A couple of questions:

1- are you closing <IN> anywhere?
2- are you doing a foreach $keyword on every line of every file? That
*could* get slow.
3- Does it start out fast and get slower as it goes? Or is it slow from the
start?



> -----Original Message-----
> From: Craig Cardimon [mailto:[EMAIL PROTECTED]

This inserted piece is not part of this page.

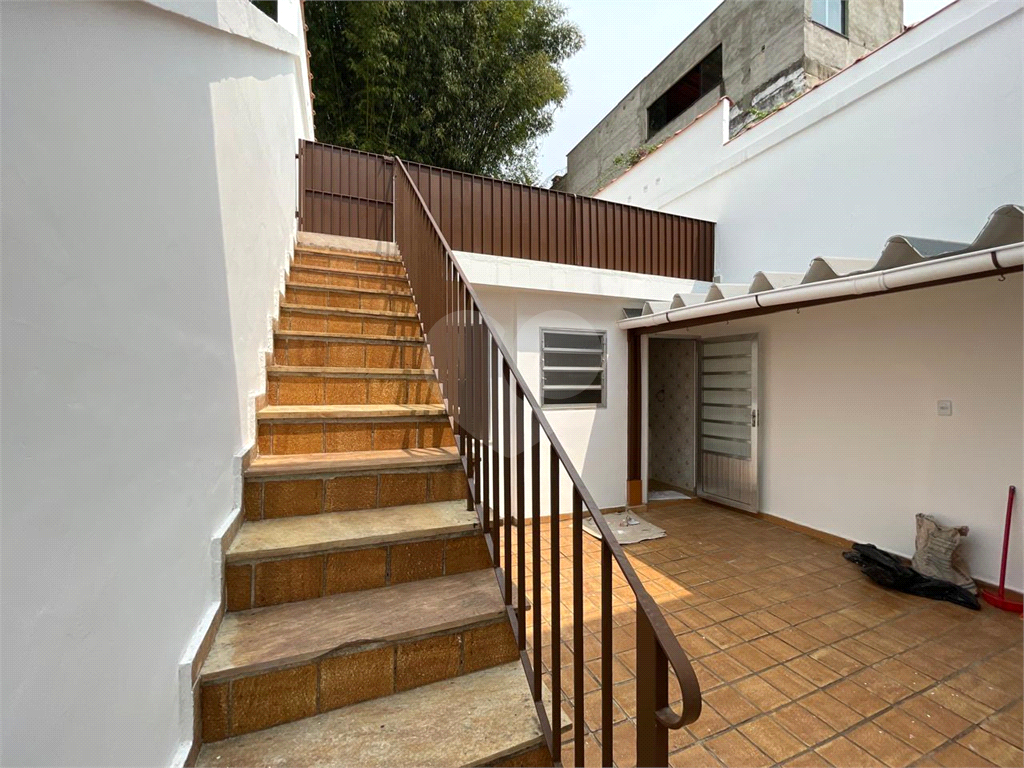 Sobrado Jardim Temembé/Vila Arnoni, 03 dormitórios, 1 suíte.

> Sent: Tuesday, March 15, 2005 3:28 PM
> To: [email protected]; ActivePerl
> Subject: Keyword search is dragging
> 
> 
> I'm searching large ASCII files for keywords. The keywords 
> are part of 
> section headings. These headings are in all caps on lines by 
> themselves.
> 
> The files sometimes contain HTML tags. My logic handles this well 
> enough, but combs through the HTML very slowly. I'm dealing 
> with tens of 
> thousands of files, so speed counts.
> 
> I thought I'd get around this by using HTML::TokeParser to remove any 
> HTML before I searched each file. But now the script processes EVERY 
> file slowly, taking a few seconds for each.
> 
> Any suggestions on how I might optimize the following code, or what I 
> could be doing better?
> 
> -- Craig
> 
> 
> # slurp file into variable
> {
>       local $/;
>       $wholefile = <IN>;
> }
> 
> # remove HTML tags from variable, leaving only text
> my $parser = HTML::TokeParser->new (\$wholefile);
> while (my $token = $parser->get_token)
> {
>       next unless $token->[0] eq 'T';
>       $wholefile2 = $wholefile2 . $token->[1];
> }
> 
> foreach $keyword (@all_keywords)
> {                     
>       my $re = qr
>       {
>        ( # start of $1 variable
>         ( # start of a group                                  
>                          (\w+[A-Z])+ # one or more words in caps
>           \s+ # one or more spaces
>         )* # zero or more groups
>         $keyword # the $keyword variable
>         \s+ # one or more spaces
>         AGREEMENT # the word "AGREEMENT"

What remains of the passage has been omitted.